When I was a kid, we went camping in lieu of fancy vacations. I’m not talking about parking a motor home in a campsite. We camped with tents, sleeping bags, cookouts, and large spray cans of Off! bug repellent for the mosquitoes. Aside from fun and family time, I got to see how capable my parents were. My mom packed the coolers with all the food, and my dad was in charge of everything else. When we got to the campsite, he put up the tent, got a fire going in the pit, and set up the portable cooktop. My dad could do anything, whether it was putting on a new roof at home or turning a patch of ground in the woods into a cozy campsite.
I loved those trips, but I have to tell you, they made me appreciate the fancy hotels I enjoy now. My sister still goes camping with her family, though, and both of us still reminisce about swimming in lakes and roasting marshmallows at night after a day of hiking and canoeing.
I secretly loved when it rained so hard that we had to check into a local motel or, if we splurged, a hotel. Room service was out of the question. My sister and I always begged to have it, but it was too expensive. Instead, we always ate at an inexpensive coffee shop. Even though I imagined that the food from room service tasted better, I never went hungry or unsatisfied, and truth be told, the crayons and coloring books that many of those coffee shops gave to kids when we sat down were my favorite part of the meals.
As a kid, the simplest things amused me, such as catching lightning bugs or building a fort in the backyard. Riding my bike to a friend’s house, neighborhood block parties, cookouts, ice-skating on the lake next to my grandmother’s house—these were the activities that I loved to do. Now, my kids are so scheduled I keep a calendar just for their activities and lessons, and I know that’s not unusual. But I can remember my mom simply saying, “Go see if so-and-so can play,” and I’d get on my bike and ride to a friend’s house, knock on the door, and see if they wanted to play. There was no setting up frickin’ play dates! What happened to us?
I sound as if I’m dredging up memories of a bygone past, but life was simpler in our homey neighborhood where everyone knew each other. Then, it was safe for kids to ride down the street by themselves. My sister and I and our dad belonged to a father-daughter group called the Drifters, which gave us quality time alone with our dad. Once a month, we got together with a group of other girls and their dads and went on weekend trips. Depending on the season, we went canoeing, river rafting, cross-country skiing, and downhill skiing. At night, we stayed in cabins—girls in one, dads in another.
On one river trip, I pulled over to pee and went in the bushes. A short time later, I started to feel sick, and by nighttime, I had spots everywhere. One of the other dads was a doctor, but, as he said, you didn’t need to be an MD to see the problem. It was poison ivy. On my butt! Not a good place to get it. And a little embarrassing when I had to show the dad who was the doctor my tush.
Downers Grove was a charming little town with cobblestone streets and cute mom-and-pop stores. There was one movie theater, where I saw E.T. and Star Wars. On summer nights, we walked to Bogg’s ice cream, which to this day had the best homemade ice cream I’ve ever eaten.

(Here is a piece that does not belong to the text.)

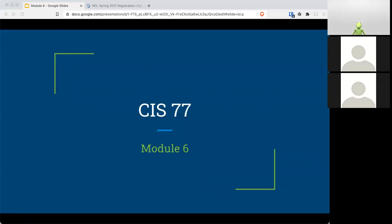We are in module number six, working our way through the course. No news today. I've been so busy on my little side project that I haven't really checked the news.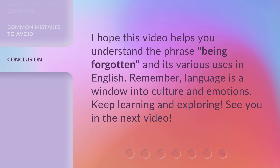I hope this video helps you understand the phrase 'being forgotten' and its various uses in English. Remember, language is a window into culture and emotions. Keep learning and exploring — see you in the next video.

My parents took my sister and me to church on Sundays, and both of us attended CCD classes one day a week after school. We made our Communion and Confirmation.
Though we had our own rooms, Michelle and I did everything together, from gymnastics to pom-poms in junior high. Both of us had a crush on Rob Lowe, we had a poster of him in our room, and we never missed an episode of The Facts of Life. I was always supportive of my sister, until she got her period before me. How could that be? I was so envious because I’d heard your boobs start to develop after you get your period, and now Michelle was getting a head start. I got my period the next year; my boobs never developed, and that would turn into a whole other story years later.
3
LOOKS DID MATTER. I’m not going to lie. There is so much pressure on girls and it sure starts young. Any girls who wanted to be like Blair on The Facts of Life had a vision of themselves with thick, long hair, nice, fashionable clothes, and makeup, and I have to plead guilty on all counts. But my fantasies of turning heads as I waltzed through the school cafeteria were tempered all through seventh and eighth grade by a nasty little girl who delighted in tormenting me. She called me Fish Lips and Unibrow, which gives you all the explanation you need to picture what I looked like during those awkward years (think skinny, overbite, and caterpillar eyebrows), and made my walking through the locker-filled hallways at school an emotional minefield.
I had good friends who rallied around and buoyed me when I broke down, while my mom, apparently able to see something in me that I didn’t, advised me to be patient and wait for things to change. Braces helped, and at the end of eighth grade, I walked out of my final orthodontist appointment with a brand-new sparkling smile.
By fourteen, I was boy crazy. (Sorry, Mom!) My parents forbid me to date until I was sixteen, but with a short climb from my bedroom window to my bicycle, I managed to sneak out of the house regularly. I was also caught more often than not, thanks to my sister’s willingness to snitch. There was a period when I was grounded for at least three-quarters of the year. But Michelle got her comeuppance a few years later. One night, a couple guys were knocking on my bedroom window in the middle of the night thinking they were going into her room. Assuming they were burglars, I screamed. That brought my dad, who arrived wielding a gun. By then, the guys had scrambled back out and were long gone. My sister told me in the morning that they were her friends—and no, I never snitched on her.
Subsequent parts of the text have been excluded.